Cardinality of the continuum
In mathematics it is called a lot, which has the cardinality of the real numbers, a continuum.
- 2.1 Peano spaces
Continua in general
One can ( as with ZF axioms, even without the axiom of choice ) show that the following quantities are all equally powerful:
The cardinality of this set (or its cardinal number ) is usually called ( c fracture, for continuum ), (see Beth- function ) or ( Aleph, the first letter of the Hebrew alphabet). Since it is the power set of the cardinality and is denoted by with, to write this well.
It has been shown that many more structures that are investigated in mathematics, have the same cardinality.
Continuum hypothesis
The assumption that all uncountable subsets of the real numbers are equally powerful with the real numbers, is called the continuum hypothesis. It is (with the usual axioms ) neither refuted nor proven.
Continua in the topology
In the topology of the continuum term is often narrower than in other areas of mathematics. Here we mean by a continuum a continuous compact Hausdorff space ( continuum concept in a broader sense ).

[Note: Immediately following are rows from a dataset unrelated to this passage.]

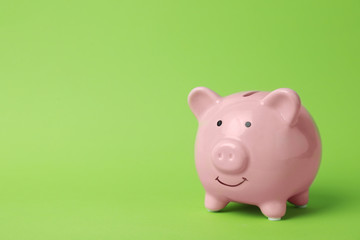 Pink piggy bank on color background. Money saving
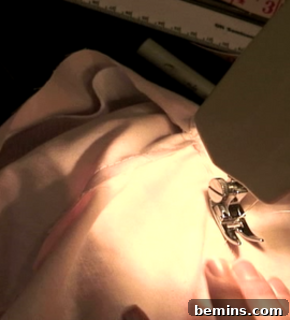 Sewing the elastic casing.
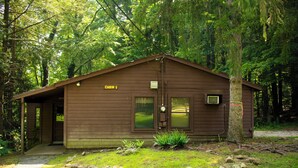 Une cabane portant l’inscription « CABANE 1 », dotée d’une porte, de fenêtres et d’un petit espace porche.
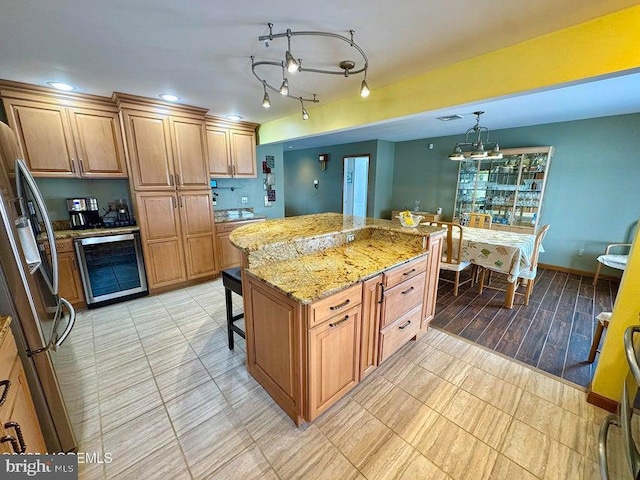 953 Capstan Dr, Forked River, NJ 08731 - kitchen with beverage cooler, stainless steel refrigerator, light stone countertops, a kitchen island, and brown cabinetry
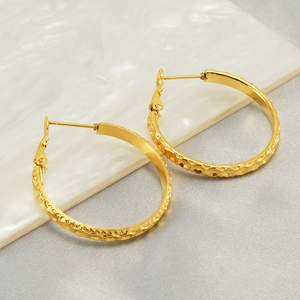 Elegant gold hoop earrings with diamond-cut texture on a shell-textured display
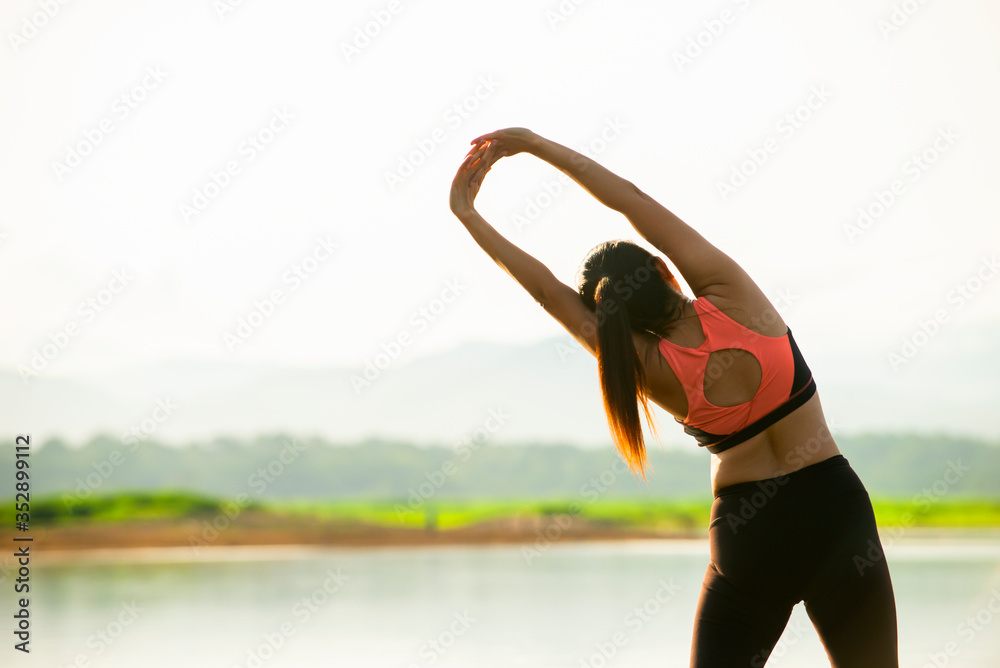 Back side of relax asian woman standing  doing yoga with nature background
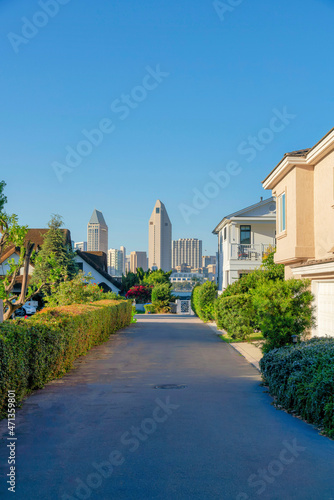 Asphalt pathway in the middle of a residential area at Coronado, San Diego, California © Jason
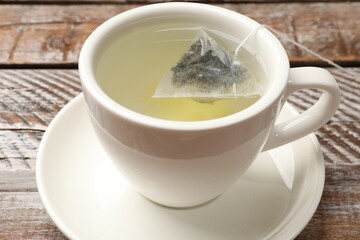 Tea bag in cup with hot drink on wooden rustic table, closeup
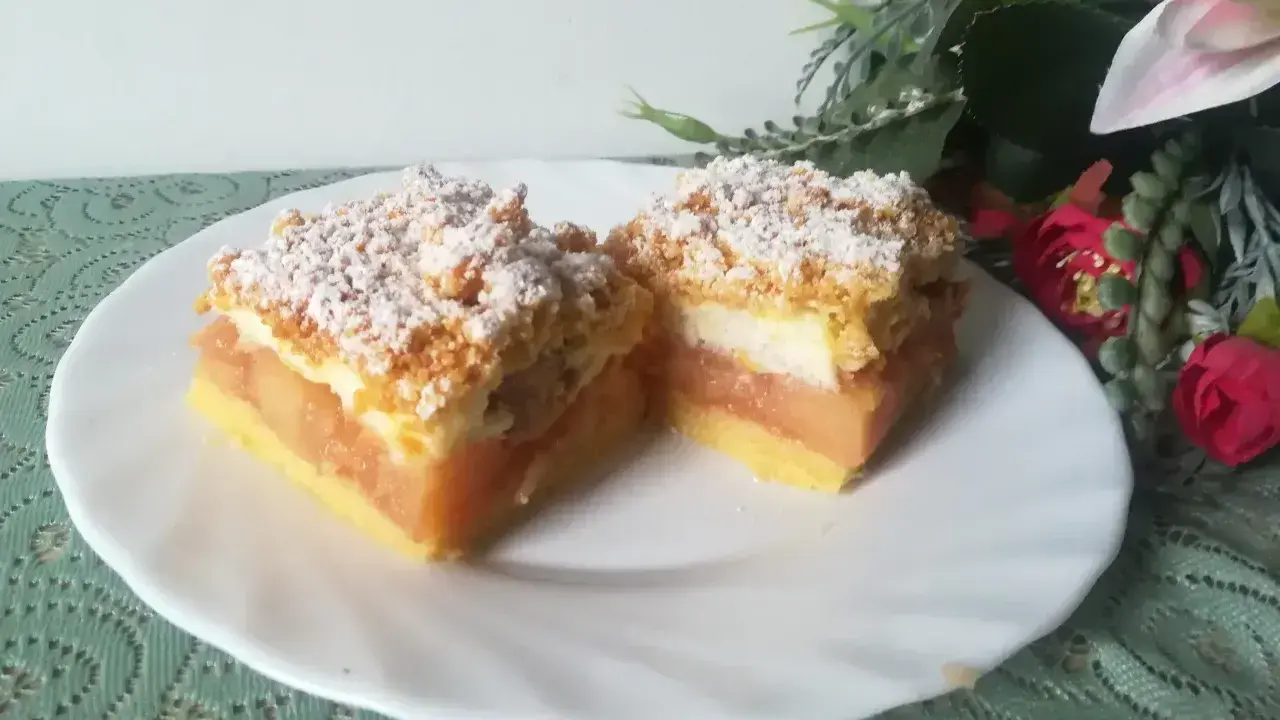 Pyszna szarlotka z bezą i kruszonką, z jabłkami i cukrem pudrem, na białym talerzu, obok kwiatów.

Some authors call additionally that a continuum must always satisfy the second axiom of countability, or subsumed under the term continuum even just the contiguous compact metric spaces ( continuum term in the narrow sense ). Such a continuum in the narrow sense is called, therefore, (specifically ) a metric continuum (English metric continuum ). The metric continua supply many of the most important occurring in the topology of spaces. Typical examples would be:
The fact that in mathematics generally occurring and the continuum concept used in the topology are not too far apart, apparent from the following sentence:
Peano spaces
Peano continua are rooms with special connection properties, and are so named after the Italian mathematician Giuseppe Peano. Even with them, there are different views on the question of the existence of a metric. ( Peano space or Peano continuum engl or Peanoraum. ) Is a locally coherent metric continuum with at least one element of the modern view is a Peano space.
Peano pointed out in his famous paper Sur une courbe, qui toute une aire remplit plane after in Volume 36 of Mathematische Annalen in 1890 that the unit interval can be mapped to the square of the Euclidean plane in a continuous manner. Upon further investigation of this surprising result has been found that the Peano spaces admit the following characterization, which today as a set of Hahn and Mazurkiewicz or as Hahn- Mazurkiewicz - Sierpiński (after Stefan Mazurkiewicz, Hans Hahn and Waclaw Sierpiński ) known:
So In short, the Peano spaces up to homeomorphism the continuous images of Peano curves.